Hacker News new | ask | show | jobs
by manlio 4088 days ago
> I've pretty much determined that some degree of manual review will be needed

You're spot on with everything. I did a lot of manual review and the site already filters out "NO REMOTE", "REMOTE no", "Remote not" and "No Remote" entries. I did spot the "Remote work isn’t an option" post, but I decided I'm not going to write that kind of completely ad-hoc filtering rules, it's just ugly.

4 comments

You could break the text up into sentences [1] and do sentiment analysis [2] on the sentences with 'remote' in. Then flag based on that.

[1] https://opennlp.apache.org/documentation/1.5.3/manual/opennl...

[2] http://nlp.stanford.edu/sentiment/

Wikify it.

Let users can log in and change the remote/non-remote status (and other attributes).

Have some kind of trust system (could be linked to HN points or whatever).

(Even better if the YC guys made a custom job board where you fill in a form with all the details so there is no inconsistency.)

Or you could hire people to do it via oDesk or Mechanical Turk. Not so interesting technically, but it's a job people are good at.
Hire people for cheap to help people be hired for $$$, with no reward for the upsell. Brilliant! :)
Sentiment analysis probably isn't the right option here, though it may work.

I think a combination of dependency parsing[1] and regex is the way to go.

regex examples: "Remote: No", "No remote please"

Dependency parsing examples: ""Remote work isn’t an option", "Remote work will not be considered"

[1] look for negation in the parse tree using something like http://demo.ark.cs.cmu.edu/parse?sentence=Remote%20work%20is...

Sentence segmentation and sentiment analysis may be overkill.

N-grams + Naive Bayes is potentially Good Enough.

All these strategies are interesting, but I'm afraid we are over-engineering the problem here. The pretty simplistic strategy I'm using now is basically just pattern matching, and so far I had only 4 misplaced posts out of the 840 for April alone: that is < 0.5%. And it's blazing fast! I can rebuild the entire db in less then 30 seconds.

Given these number I believe pretty much everything more complicated than that would be a total overkill... Good food for thoughts though!

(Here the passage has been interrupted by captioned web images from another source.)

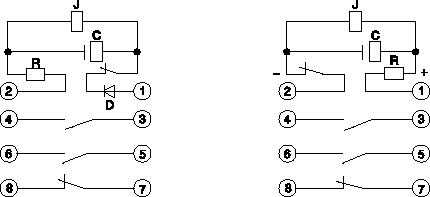 DX-3型閃光繼電器接線圖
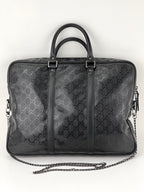 Túi xách Gucci Briefcase GG Imprime Coated Canvas Black Monogram Business Bag đã qua sử dụng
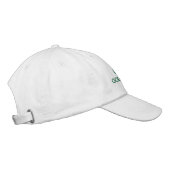 Casquette Brodée Funny Golf Hacker Personnalisé Monogramme brodé (Droite)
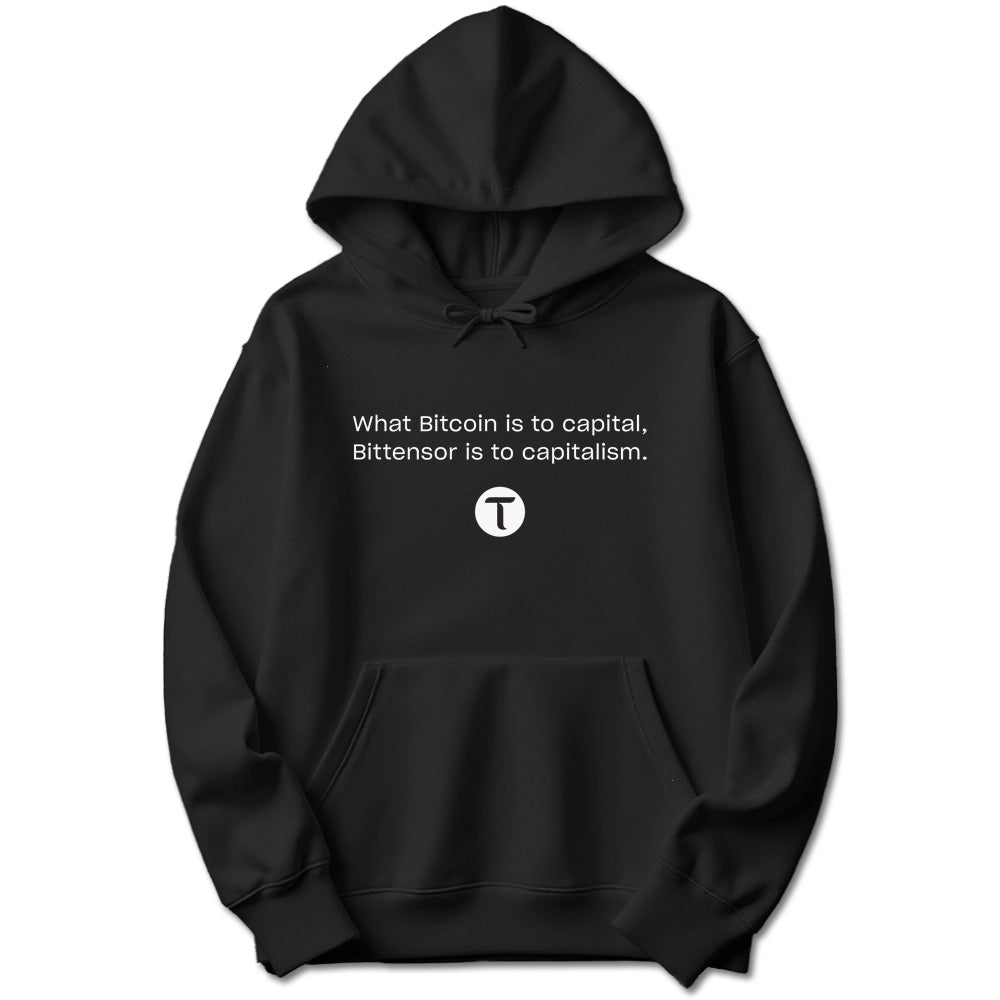 Bitcoin Capital, Bittensor Capitalism Hoodie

I just manually curate in these cases. HN hiring threads don't ever exceed a level where 0.5% manual review would be onerous.
I think you will need 100% manual review to find those 0.5%
In my experience with data quality management, manual translation of these edge cases is not pleasant. Yet it can be very valuable. It's a bit like "online learning" in machine learning - each time an error is found, you provide the correct answer. Yes, you might end up with a long array of phrases/regexes to check against. However, it scales just right for the amount of data you have and provides high quality results.
> REMOTE no

"REMOTE no problem!" :) Just kidding. Great job.